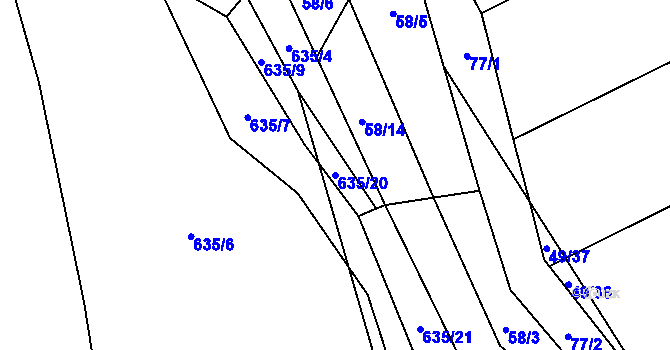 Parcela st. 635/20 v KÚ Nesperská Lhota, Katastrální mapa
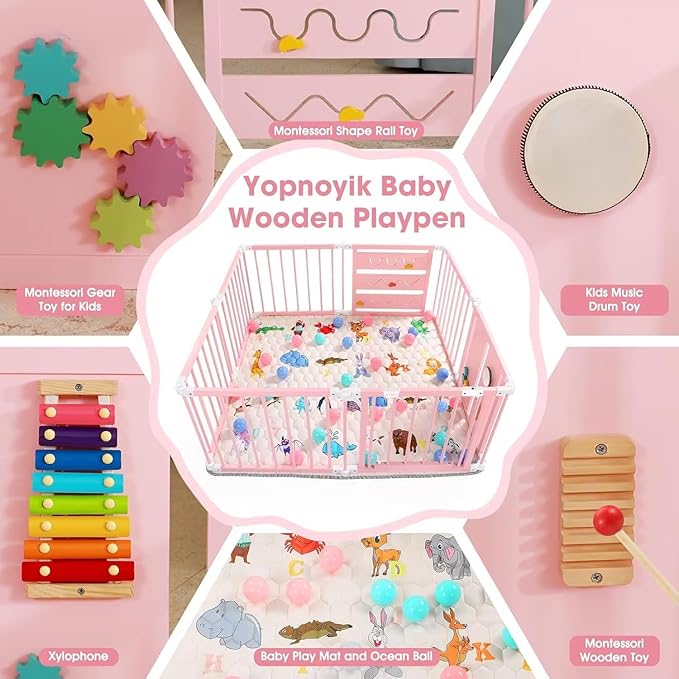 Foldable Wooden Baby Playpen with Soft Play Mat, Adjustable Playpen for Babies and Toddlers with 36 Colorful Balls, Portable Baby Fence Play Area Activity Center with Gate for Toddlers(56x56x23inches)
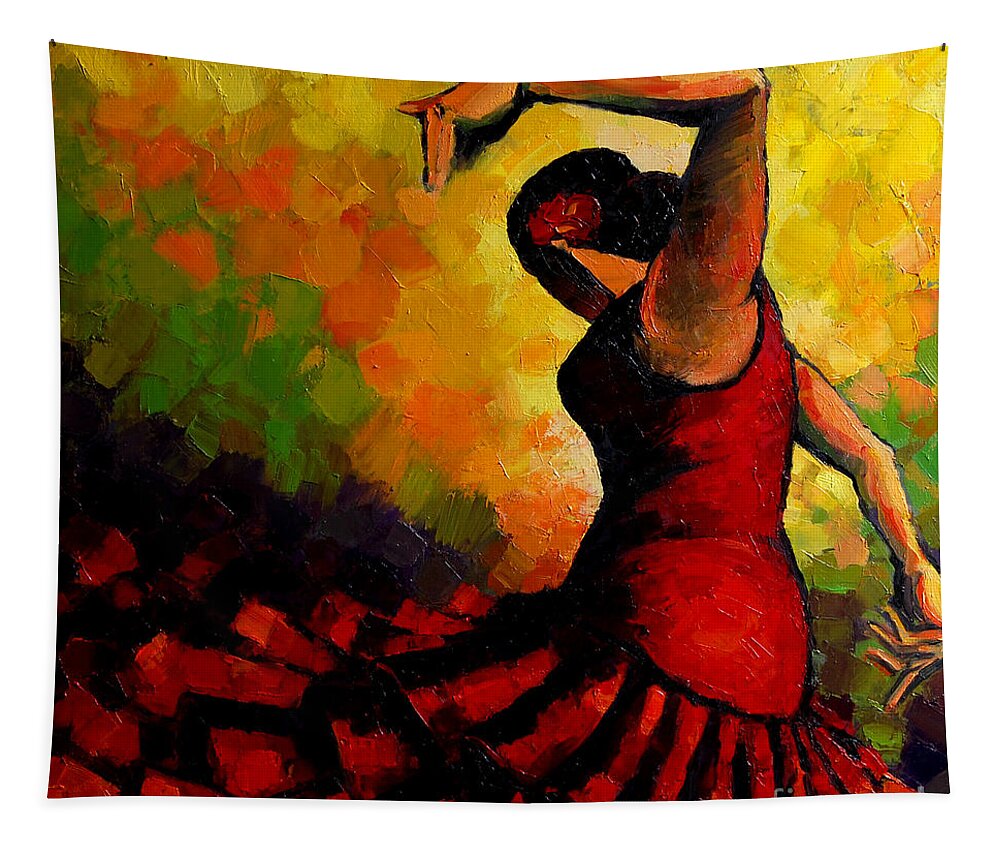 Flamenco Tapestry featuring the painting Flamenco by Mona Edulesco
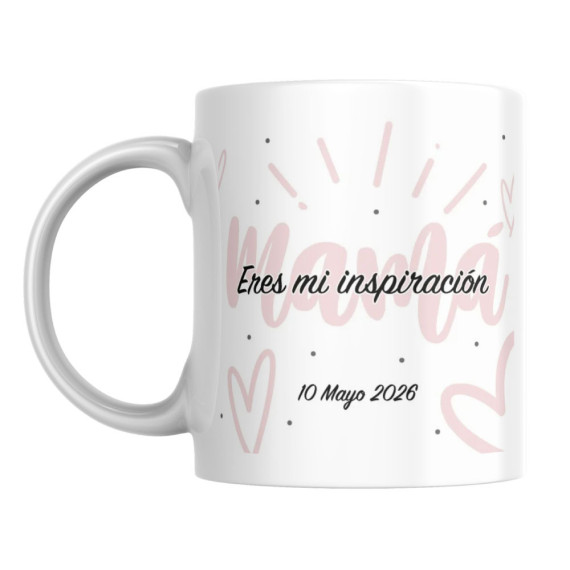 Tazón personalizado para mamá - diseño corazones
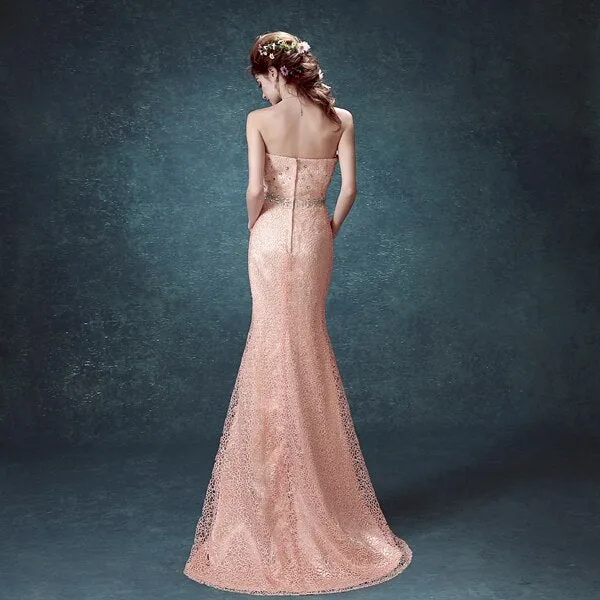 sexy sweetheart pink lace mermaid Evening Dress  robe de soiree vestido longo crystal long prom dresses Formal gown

================

Task directions: A precise copy of each record, with the images removed, should be output.

The answer:
 Parcela st. 635/20 v KÚ Nesperská Lhota, Katastrální mapa
 Foldable Wooden Baby Playpen with Soft Play Mat, Adjustable Playpen for Babies and Toddlers with 36 Colorful Balls, Portable Baby Fence Play Area Activity Center with Gate for Toddlers(56x56x23inches)
 Flamenco Tapestry featuring the painting Flamenco by Mona Edulesco
 Tazón personalizado para mamá - diseño corazones
 sexy sweetheart pink lace mermaid Evening Dress  robe de soiree vestido longo crystal long prom dresses Formal gown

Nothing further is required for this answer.